- _YOUR INSTRUCTIONS_: Transcribe the listing exactly; drop the images.

STORED DATA START

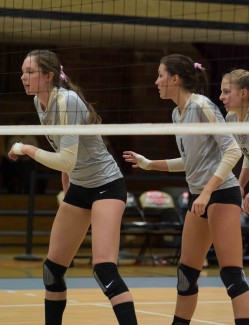 George Wood Jr. | Argonaut Alyssa Schultz receives a reassuring 'good game' pat from teammate Meredith Coba in the second set of the game against Montana State University.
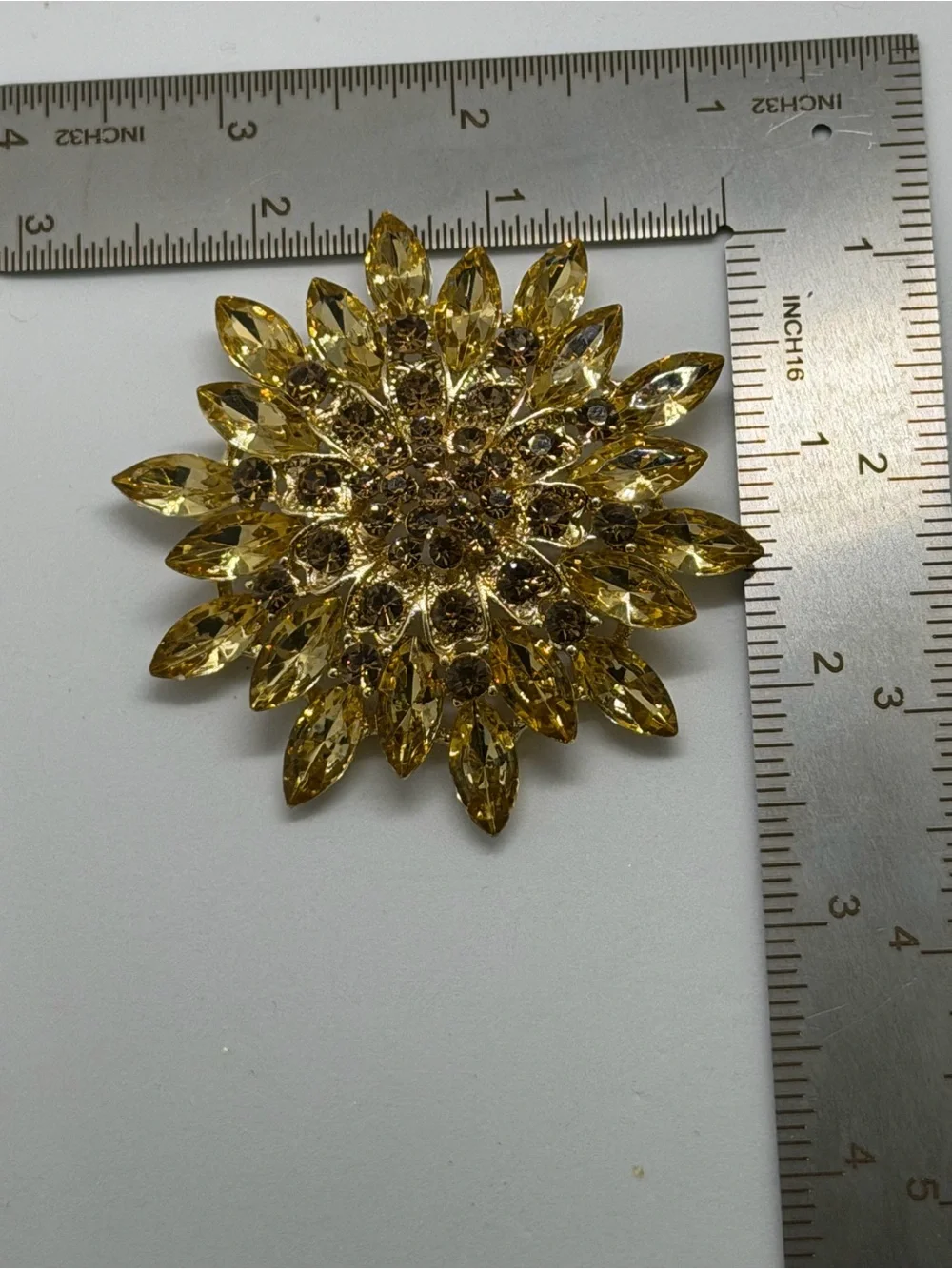 Gold Crystal Floral Statement Ring - Women's Fashion Jewelry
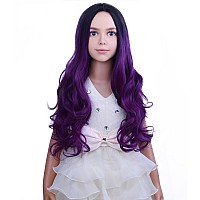 Pattnium Dark Purple Wig Kids Child Wig Long Curly Wavy Wig Ombre Purple Wig Middle Part Girls Wig Black To Purple Wigs Heat Res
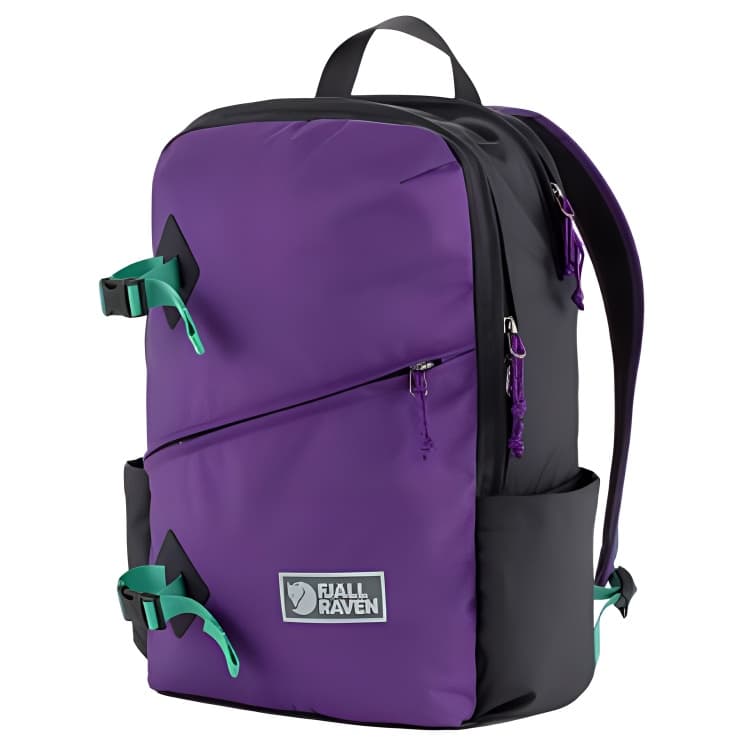 Рюкзак Fjallraven 17L Outdoor Рюкзак Сумка Нейлон Фиолетовый и Угольный Черный Унисекс - изображение 2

STORED DATA END

- _TASK RESULT_:
 George Wood Jr. | Argonaut Alyssa Schultz receives a reassuring 'good game' pat from teammate Meredith Coba in the second set of the game against Montana State University.
 Gold Crystal Floral Statement Ring - Women's Fashion Jewelry
 Pattnium Dark Purple Wig Kids Child Wig Long Curly Wavy Wig Ombre Purple Wig Middle Part Girls Wig Black To Purple Wigs Heat Res
 Рюкзак Fjallraven 17L Outdoor Рюкзак Сумка Нейлон Фиолетовый и Угольный Черный Унисекс - изображение 2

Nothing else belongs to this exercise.